Students will learn about special effects and techniques related to Photoshop filters, Blending options and layer options.
WEEK FOUR:
TUESDAY February 4th
MEET AT THE JUDY BACA ARTS ACADEMY:
Students will present an interactive workshop with youth on “identity” providing examples of how identity is defined. They will encourage student participation and then talk about how it is expressed in actions and in life. Students photographs will be taken for use as a canvas print. Photo booth set up and interaction with youth to encourage them to pose in such a way as to “express an identity”. These photos will used for the basis of a painting exercise on canvas prints that the students will produce and return to the school with for a painting exercise.
WEEK FIVE:
TUESDAY February 12th STUDENTS TO MEET AT THE JUDY BACA ARTS ACADEMY. PAINTING EQUIPMENT TRANSPORTED . Children paint individual canvases that express their identity. Students will work with children as they paint encouraging and managing the project.
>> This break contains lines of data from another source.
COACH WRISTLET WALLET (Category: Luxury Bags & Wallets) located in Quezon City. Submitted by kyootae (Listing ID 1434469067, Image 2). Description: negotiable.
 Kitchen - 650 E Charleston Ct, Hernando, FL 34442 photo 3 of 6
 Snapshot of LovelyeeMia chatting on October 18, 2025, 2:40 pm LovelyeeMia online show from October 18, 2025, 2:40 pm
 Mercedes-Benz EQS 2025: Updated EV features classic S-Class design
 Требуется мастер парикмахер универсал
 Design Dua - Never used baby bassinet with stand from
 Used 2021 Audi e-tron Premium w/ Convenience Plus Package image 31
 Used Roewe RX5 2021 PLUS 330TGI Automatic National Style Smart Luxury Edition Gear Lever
Students plan for site of permanent installation and didactic panels for the installation.
HOMEWORK ASSIGNMENT – Students are to research methodology for identity workshop for 6th graders. Students are welcomed to collect imagery and bring them in for use and to prepare a presentation for the children.
WEEK SIX: 18th
Students will begin to collect content, stories and imagery for their Collaborative project.
WEEK SEVEN:
TUESDAY February 25th
STUDENTS CONTINUE TO WORK ON COLLABORATIVE PROJECT
WEEK EIGHT:
TUESDAY March 4th
STUDENTS CONTINUE TO WORK ON COLLABORATIVE PROJECT PROJECT.
WEEK NINE:
TUESDAY March 11th
CLASS CRITIQUE
WEEK TEN:
TUESDAY March 18th
CLASS PRESENTATIONS Class potluck and celebration
TUESDAY February
COLLABORATIVE MURAL This project is intended to incorporate all that you have learned to this point in the class and must be activist based addressing a current issue locally or internationally that you feel needs to be addressed. It should engage community participants and motivate civic action or public response advocating for change. It should incorporate the use of technology. It should be publishable on the internet and can be a collaboration with another classmate or carried out individually. The project will be developed with instructional staff support in the Digital Lab.